* [Task statement]: When you reach the line that contains "Rein voornaam mok", begin copying exactly, and continue through the last line of the data; no pictures belong in the copy.
################
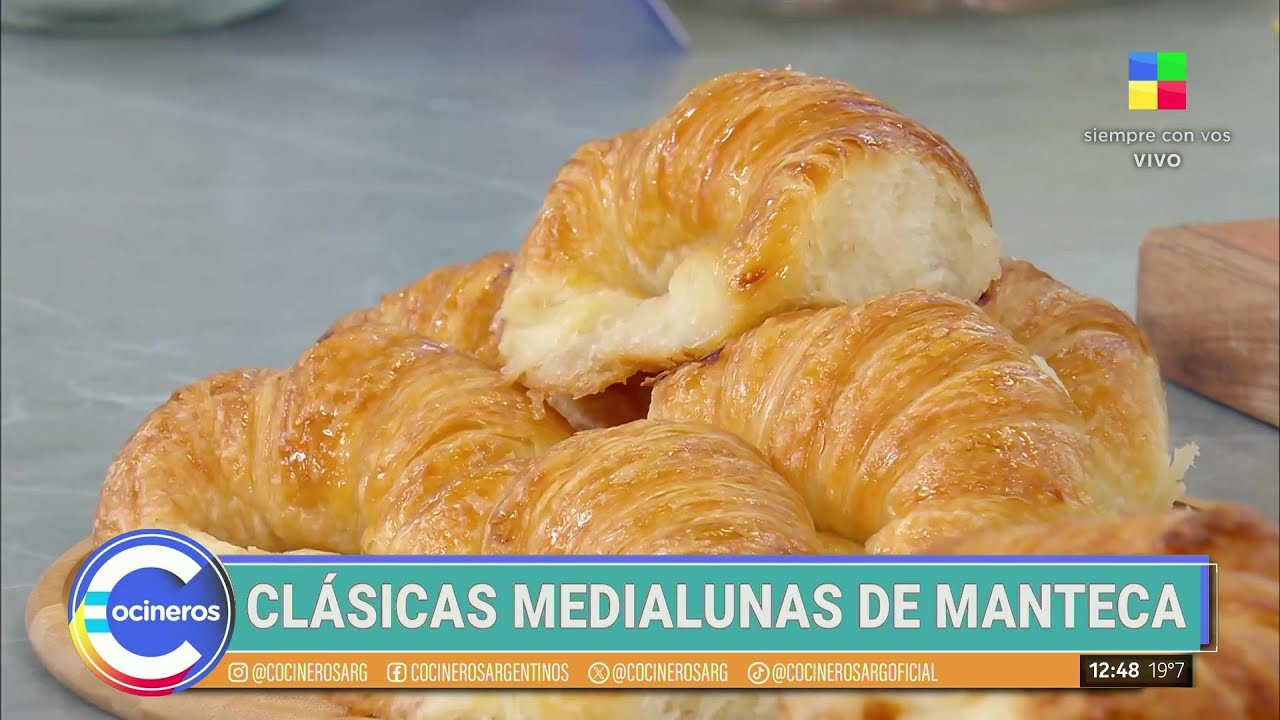 ¡Juan Manuel Herrera te enseña a hacer las mejores MEDIALUNAS DE MANTECA como las de panadería! 🥐
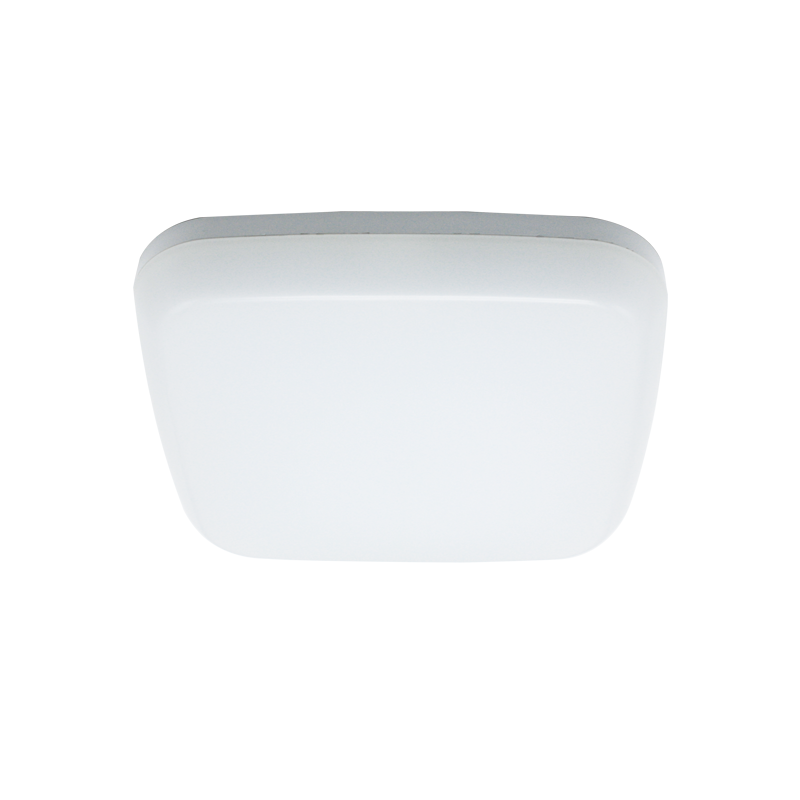 Υ/Κ WHITE SQUARE SENS CEIL SMDLED 24W 2100Lm4000K 120° 230V IP54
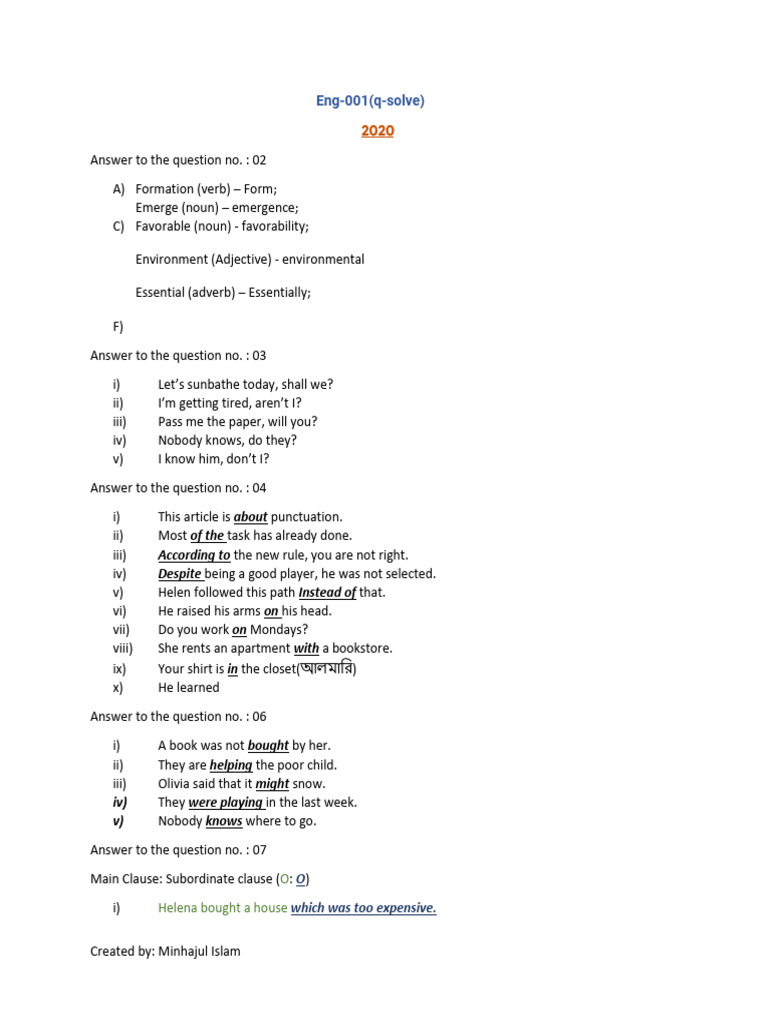 Chem-001 (Eng) 2016-2020 QS | PDF | Thomas Edison | Incandescent Light Bulb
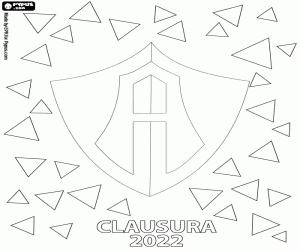 Atlas FC, Clausura 2022 champion coloring page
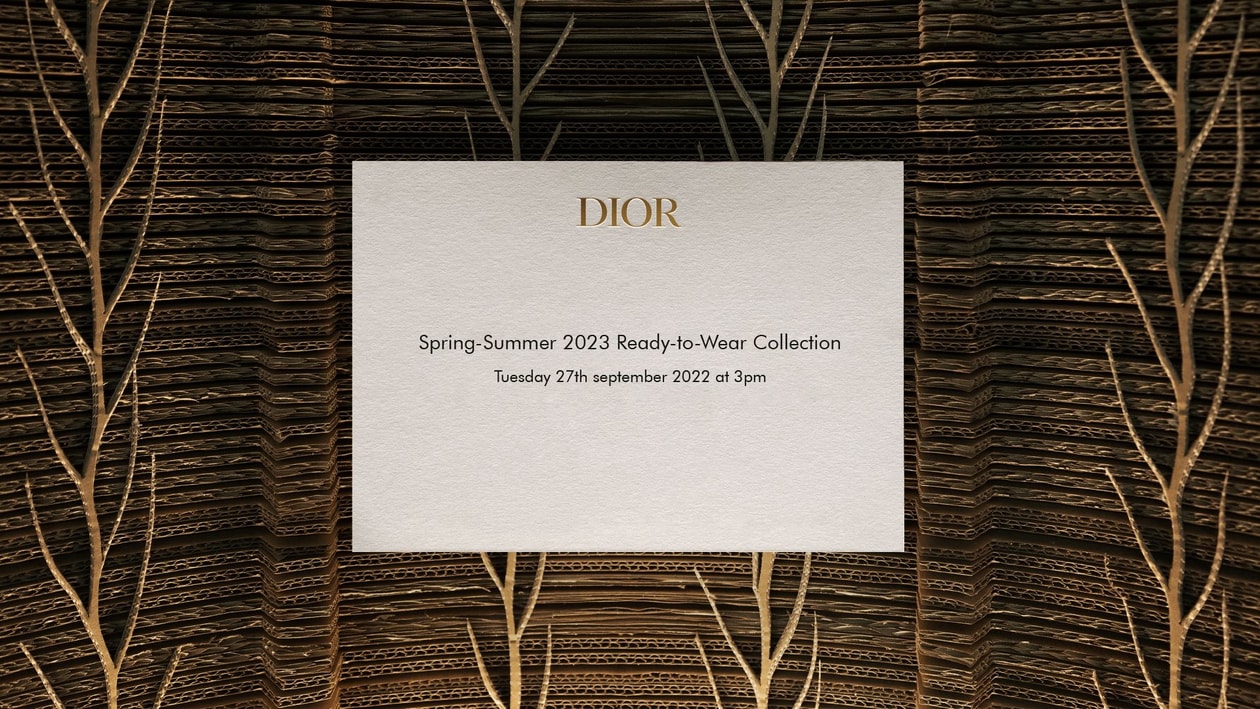 DIOR 2023ss pfw live stream online paris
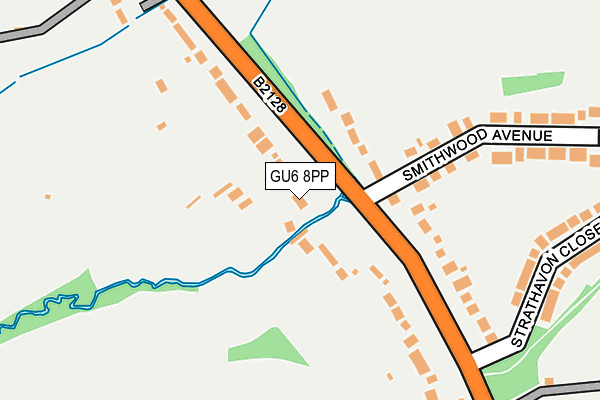 GU6 8PP map - OS OpenMap – Local (Ordnance Survey)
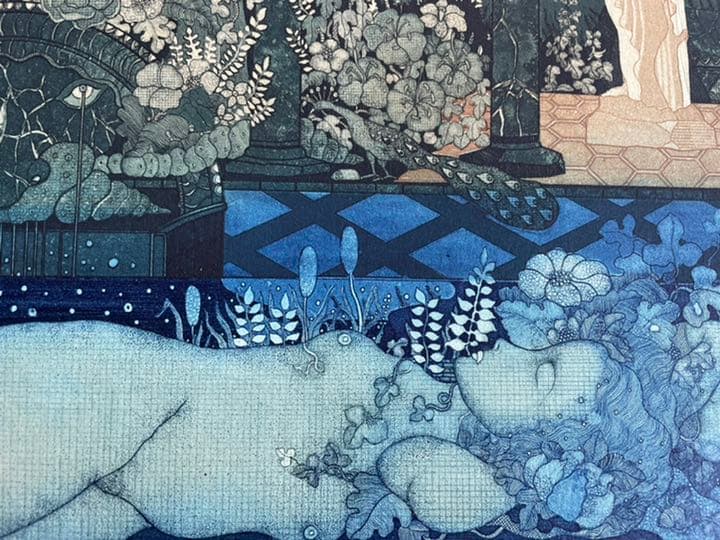 銅版画 : 山下清澄 イゾラ・ベッラ「イタリアの幻想」シリーズ 1979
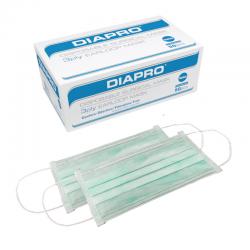 Diapro Value Mask Earloop Green 3Ply 50s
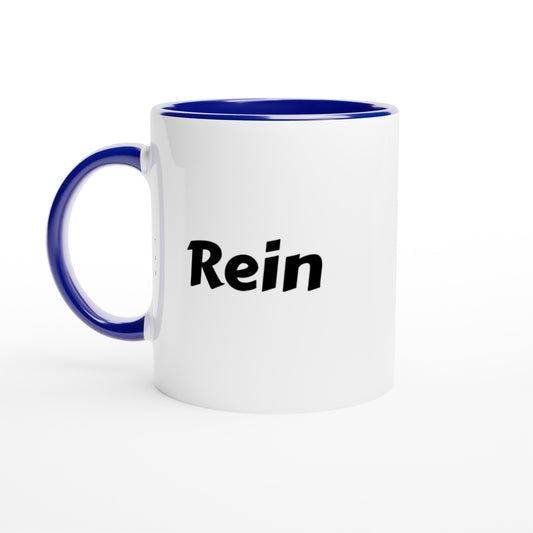 Rein voornaam mok - beker - kado collega - verjaardag - persoonlijke naam collega - cadeau beker in verschillende kleuren!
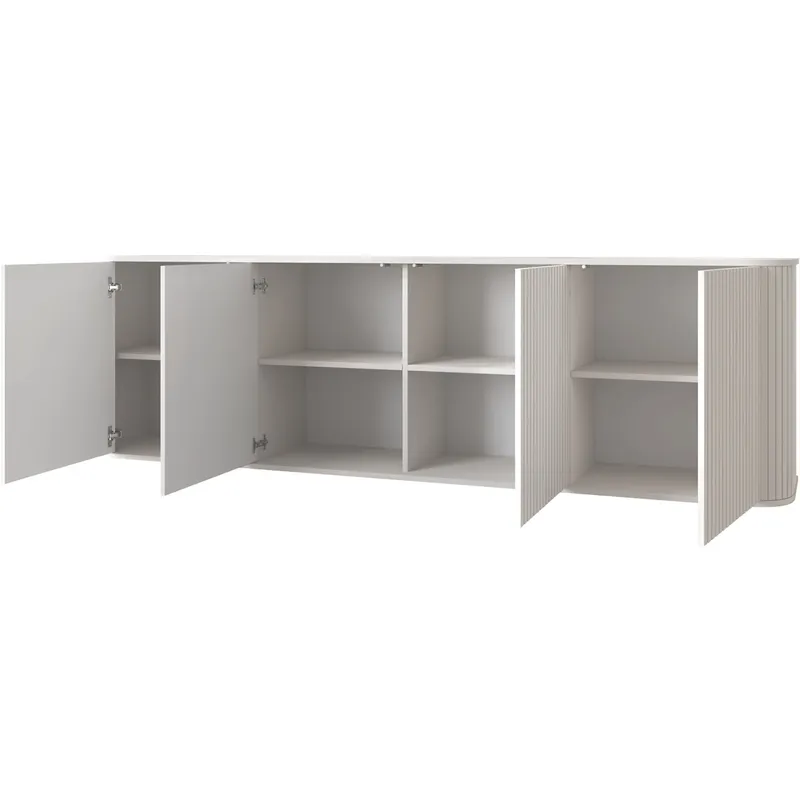Komoda 4D ZYLIO - Biały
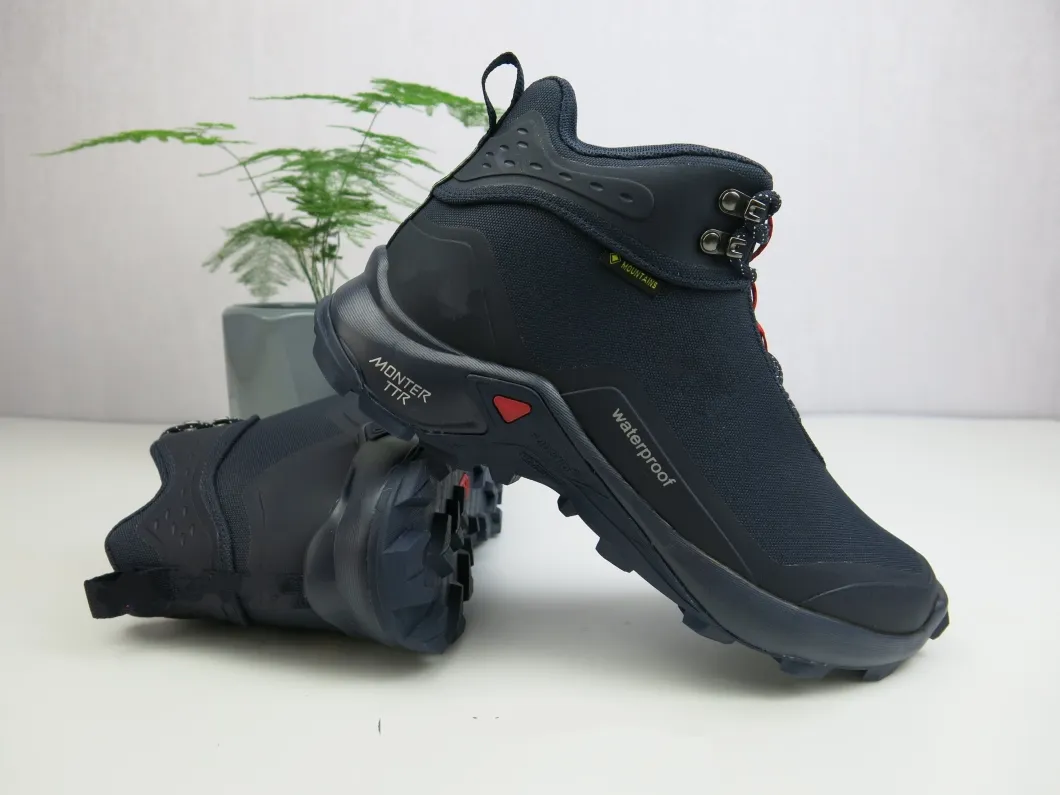 Zapatos de construcción impermeables MID - Botas de senderismo al aire libre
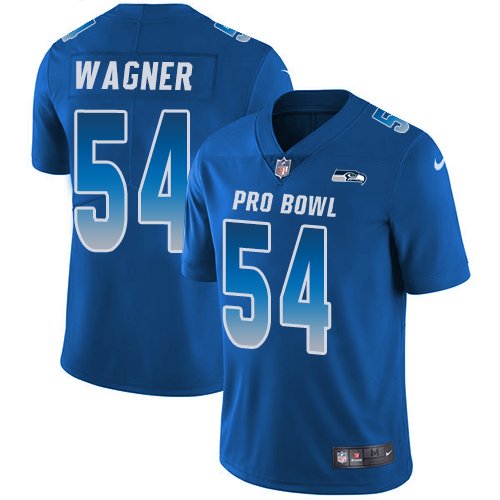 Nike Seahawks #54 Bobby Wagner Royal Stitched NFL Limited NFC 2018 Pro Bowl Jersey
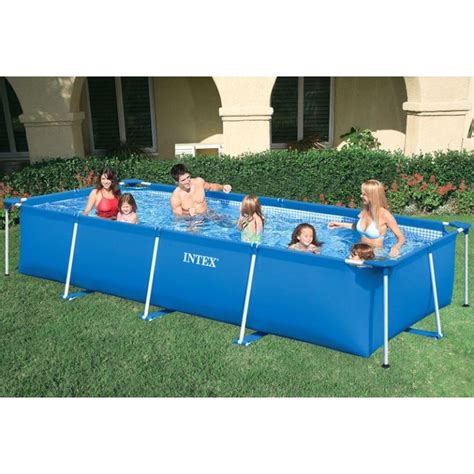 Piscina Desmontable Tubular Rectangular Intex Metal Frame Brycus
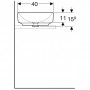 Geberit Variform 500.774.01.2 Раковина 55 см.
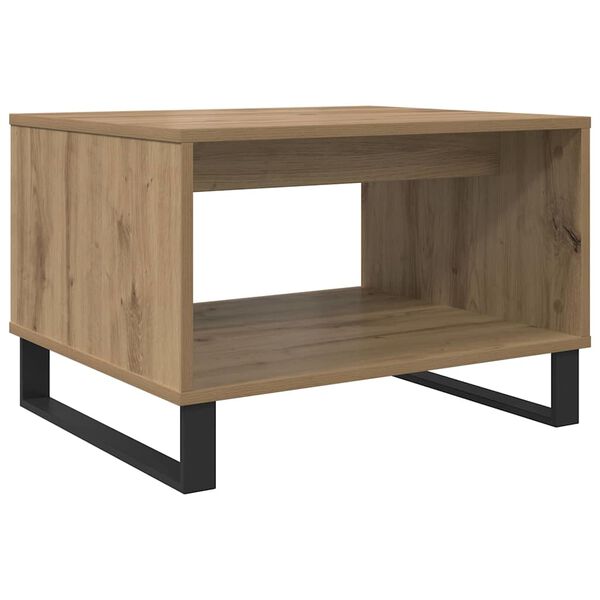 vidaXL Couchtisch Artisan-Eiche 60 x 50 x 40 cm Holzwerkstoff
################
* [Finished exercise]:
 Rein voornaam mok - beker - kado collega - verjaardag - persoonlijke naam collega - cadeau beker in verschillende kleuren!
Komoda 4D ZYLIO - Biały
 Zapatos de construcción impermeables MID - Botas de senderismo al aire libre
 Nike Seahawks #54 Bobby Wagner Royal Stitched NFL Limited NFC 2018 Pro Bowl Jersey
 Piscina Desmontable Tubular Rectangular Intex Metal Frame Brycus
 Geberit Variform 500.774.01.2 Раковина 55 см.
 vidaXL Couchtisch Artisan-Eiche 60 x 50 x 40 cm Holzwerkstoff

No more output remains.